Christmas Musicke - York Waits At Square Chapel

 
Who doesn't respond warmly to tradition? It gives us a sense of our place in the great timeline of history and in so doing confers a kind of purpose going forward. And at certain times of the year, the apt celebration of tradition may remind us of a former simplicity, of a time austere in circumstance and appearance, but rich in imaginative possibility.

The Christmas most of us now seem to crave embodies a rejection of the protracted free-for-all of hysterical consumption and excess, and a return to the narcotic and reflective glow of a large open fire, a tree that smells like Norway, and Christmas Musicke.

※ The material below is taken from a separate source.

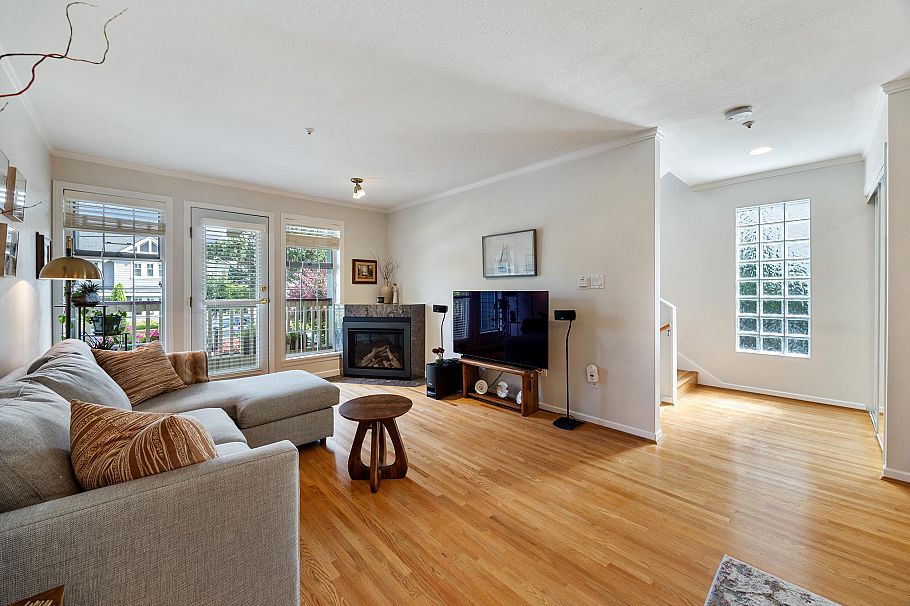 3608 W 7th Avenue Vancouver, BC - 8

Just as well, then, that York Waits are returning to Halifax's Square Chapel again this Saturday, 9th December, for the latest leg of what has become an annual pilgrimage. With their blend of mediaeval and renaissance instruments, Waits open a unique window on the past, giving us a flavour of the sights and sounds of York's history with colourful renditions of European and English dance tunes, religious songs and ballads of the Tudor and Elizabethan eras.

And they are the latest incarnation of a traditional lineage which first appeared in the fourteenth and reached its apogee in the sixteenth century. Originally night watchmen, these liveried musicians would call out the watches in tune, in the weeks leading up to Christmas, and funded by the town's corporation, would perform in the streets on public holidays.

Keen to maintain a sense of continuity with the past, the current Waits play a range of instruments which were common in the period leading up to 1600.

Their names read like an arcane inventory: shawms, citterns, saggbuts, curtals and crumhorns - and, when not helping Scrabble devotees to certain victory, each instrument yields a distinctively robust sound that is strange but strangely irresistible to the modern ear.

Accompanied by the sweet soprano voice of Deborah Catterall, who will be appearing in sixteenth century costume along with the players, York Waits herald the kind of festive season we thought we'd lost for ever.

York Waits - at Square Chapel Arts Centre, Halifax. Sat. 9th December - 12pm.